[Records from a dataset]
------------------------------------------------------------
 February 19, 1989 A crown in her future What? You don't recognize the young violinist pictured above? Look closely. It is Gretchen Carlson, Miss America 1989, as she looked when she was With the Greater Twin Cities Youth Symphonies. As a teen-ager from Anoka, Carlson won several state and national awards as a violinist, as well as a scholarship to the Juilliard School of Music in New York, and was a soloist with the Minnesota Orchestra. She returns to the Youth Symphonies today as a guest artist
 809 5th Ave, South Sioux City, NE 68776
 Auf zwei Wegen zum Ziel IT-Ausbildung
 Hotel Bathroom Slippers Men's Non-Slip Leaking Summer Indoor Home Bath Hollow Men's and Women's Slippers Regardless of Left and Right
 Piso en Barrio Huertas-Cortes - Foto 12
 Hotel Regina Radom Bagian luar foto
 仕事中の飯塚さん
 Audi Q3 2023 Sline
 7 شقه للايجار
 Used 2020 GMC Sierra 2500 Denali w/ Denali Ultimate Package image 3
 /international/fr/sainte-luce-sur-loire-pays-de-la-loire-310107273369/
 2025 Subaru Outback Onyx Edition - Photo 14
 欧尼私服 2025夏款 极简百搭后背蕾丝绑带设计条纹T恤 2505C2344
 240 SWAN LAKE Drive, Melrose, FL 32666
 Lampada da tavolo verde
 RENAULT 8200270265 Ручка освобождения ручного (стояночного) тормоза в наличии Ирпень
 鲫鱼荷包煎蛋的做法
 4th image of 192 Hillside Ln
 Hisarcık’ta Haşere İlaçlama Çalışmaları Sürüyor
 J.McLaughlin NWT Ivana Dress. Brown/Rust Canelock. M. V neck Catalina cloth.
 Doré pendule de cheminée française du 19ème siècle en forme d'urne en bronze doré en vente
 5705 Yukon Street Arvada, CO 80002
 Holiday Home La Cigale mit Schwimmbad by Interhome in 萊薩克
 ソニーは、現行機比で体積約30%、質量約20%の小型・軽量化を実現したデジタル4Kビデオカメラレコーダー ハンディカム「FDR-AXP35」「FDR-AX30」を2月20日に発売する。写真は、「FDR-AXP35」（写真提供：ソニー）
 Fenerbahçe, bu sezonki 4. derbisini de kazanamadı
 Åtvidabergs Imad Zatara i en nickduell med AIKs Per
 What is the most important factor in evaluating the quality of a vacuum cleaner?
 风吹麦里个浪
------------------------------------------------------------
Word for word, write out all of the data above.

§ **Answer for this exercise**:
 February 19, 1989 A crown in her future What? You don't recognize the young violinist pictured above? Look closely. It is Gretchen Carlson, Miss America 1989, as she looked when she was With the Greater Twin Cities Youth Symphonies. As a teen-ager from Anoka, Carlson won several state and national awards as a violinist, as well as a scholarship to the Juilliard School of Music in New York, and was a soloist with the Minnesota Orchestra. She returns to the Youth Symphonies today as a guest artist
 809 5th Ave, South Sioux City, NE 68776
 Auf zwei Wegen zum Ziel IT-Ausbildung
 Hotel Bathroom Slippers Men's Non-Slip Leaking Summer Indoor Home Bath Hollow Men's and Women's Slippers Regardless of Left and Right
 Piso en Barrio Huertas-Cortes - Foto 12
 Hotel Regina Radom Bagian luar foto
 仕事中の飯塚さん
 Audi Q3 2023 Sline
 7 شقه للايجار
 Used 2020 GMC Sierra 2500 Denali w/ Denali Ultimate Package image 3
 /international/fr/sainte-luce-sur-loire-pays-de-la-loire-310107273369/
 2025 Subaru Outback Onyx Edition - Photo 14
 欧尼私服 2025夏款 极简百搭后背蕾丝绑带设计条纹T恤 2505C2344
 240 SWAN LAKE Drive, Melrose, FL 32666
 Lampada da tavolo verde
 RENAULT 8200270265 Ручка освобождения ручного (стояночного) тормоза в наличии Ирпень
 鲫鱼荷包煎蛋的做法
 4th image of 192 Hillside Ln
 Hisarcık’ta Haşere İlaçlama Çalışmaları Sürüyor
 J.McLaughlin NWT Ivana Dress. Brown/Rust Canelock. M. V neck Catalina cloth.
 Doré pendule de cheminée française du 19ème siècle en forme d'urne en bronze doré en vente
 5705 Yukon Street Arvada, CO 80002
 Holiday Home La Cigale mit Schwimmbad by Interhome in 萊薩克
 ソニーは、現行機比で体積約30%、質量約20%の小型・軽量化を実現したデジタル4Kビデオカメラレコーダー ハンディカム「FDR-AXP35」「FDR-AX30」を2月20日に発売する。写真は、「FDR-AXP35」（写真提供：ソニー）
 Fenerbahçe, bu sezonki 4. derbisini de kazanamadı
 Åtvidabergs Imad Zatara i en nickduell med AIKs Per
 What is the most important factor in evaluating the quality of a vacuum cleaner?
 风吹麦里个浪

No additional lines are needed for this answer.